We continue to review highlights from our recent Bond Fund Symposium conference, which took place last week in Philadelphia, Pa. Below, we excerpt from the session, "Senior Portfolio Manager Perspectives," which featured PGIM MD of Fixed Income Joseph D'Angelo and J.P. Morgan Asset Management Portfolio Manager & Head of Managed Reserves Dave Martucci. They discussed ultra-short investment strategies, as well a number of other issues. (See also our March 27 News, "BFS Keynote: PIMCO's Schneider and BlackRock's Mejzak USBFs vs. SMAs.") Attendees and Crane Data subscribers may access the Powerpoints, recordings and conference materials at the bottom of our "Content" page or our via our Bond Fund Symposium 2019 Download Center.

Martucci told us, "I'm a portfolio manager at J.P. Morgan Asset Management in the Global Liquidity Group. The team I'm responsible for is the Managed Reserves Group. I've been there for 19 years, all as a portfolio manager, in basically the ultra-short out to the intermediate part of the curve. The Managed Reserves product is the brand name for our ultra-short duration products, which totals around $76 billion, of which $21 billion is in commingled vehicles -- mutual funds as well as ETFs -- and the other $55B is in SMAs. We have a team of 11 portfolio managers/research analysts."

D'Angelo commented, "I work for PGIM which is effectively Prudential Financial's fixed income asset manager. We have $80 billion in the front end. There's five of us that do it, and I've been there 30 years. I grew up working for the treasurer of the company so I was involved in our direct issuance of commercial paper and or other sec lending borrowing programs and then I jumped over to do the reinvest about 20 years ago.... We have everything from 2a-7 funds to ultra-short bond funds, and then we launched an ETF in April."

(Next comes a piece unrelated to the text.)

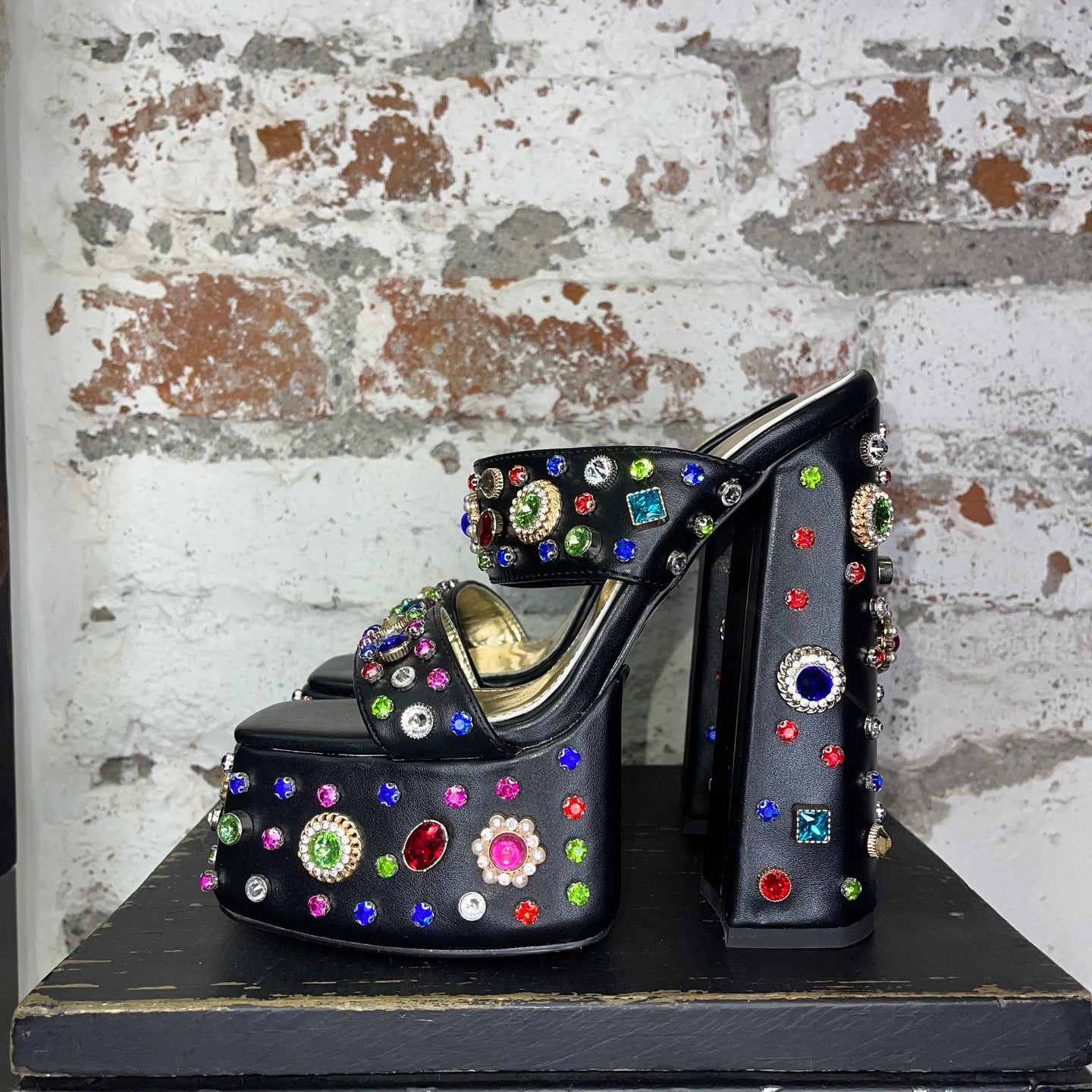 Zapatilas Leonor negras tacon cuadrado con plataforma y pedreria multicolor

When asked about the strategies of Managed Reserves, Martucci explained, "We were able to tell a story with the success of the money market fund business, particularly the approved for purchase list, we put risk parameters around concentration limits as well as a spread duration limits. That really resonated ... with clients who were looking for a little bit more ... return.... As Jerome was saying, a lot of it is hand-to-hand combat and educating our clients on really the benefits of taking a step outside of money market funds, and really being able to do that with a very low volatility and a very controlled fashion. That's the investment process that we've built using the expertise that we have at JP Morgan."

He added, "We are starting now to see money come down the curve, which was last year, and now we're starting to see money as more of an allocation play, where people are looking to de-risk.... Obviously, money market fund reform also has helped us, with the floating NAV. Now clients do have to consider us versus the prime fund. So that's been very beneficial for us."

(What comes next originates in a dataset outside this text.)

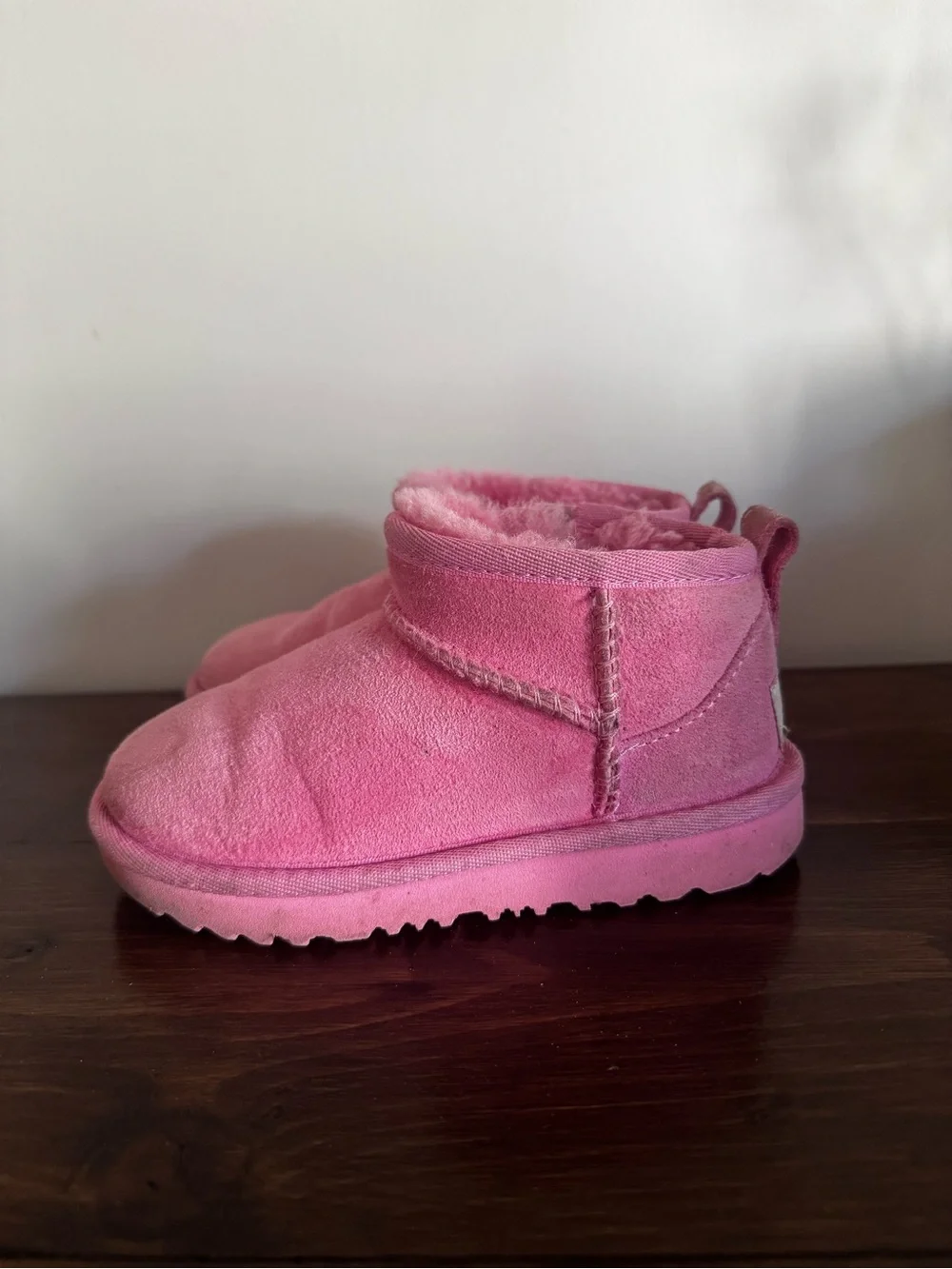 Ugg Toddler/Little Kid Ultra Mini Winter Boot Sachet Pink size 10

When asked where he looks for adding yield, D'Angelo responded, "I think we choose to view ultra-short as sort of like a mini, multi-sector thing. In almost all of our ultra-short mandates, we have anywhere from 10%, 20%, up to 50% in structured product. So I think for us the biggest question is 'How much money do you need to have laying around based on what the client's needs are?' That to me is the trickiest part of ultra-short. That being said, from a bank exposure standpoint, I would say we're 20-25% in banks in ultra-short."

The PGIM manager explained, "We buy a lot of A2-P2 commercial paper in those products. We like the diversity there, and through 2008, we felt like that liquidity there was pretty strong. [There are] far fewer banks in ultra-short than you might expect given how heavy 2a-7 is. And from a multi-sector standpoint -- you talked about the trading floor being like a football field -- and we kind of run up and down the football field asking 'Can you find me some of this 3-year CMBS Triple-A fixed?' We'll put swaps on it and do we have to do with that, but a lot of what we do is ... is based on what's going on throughout our complex."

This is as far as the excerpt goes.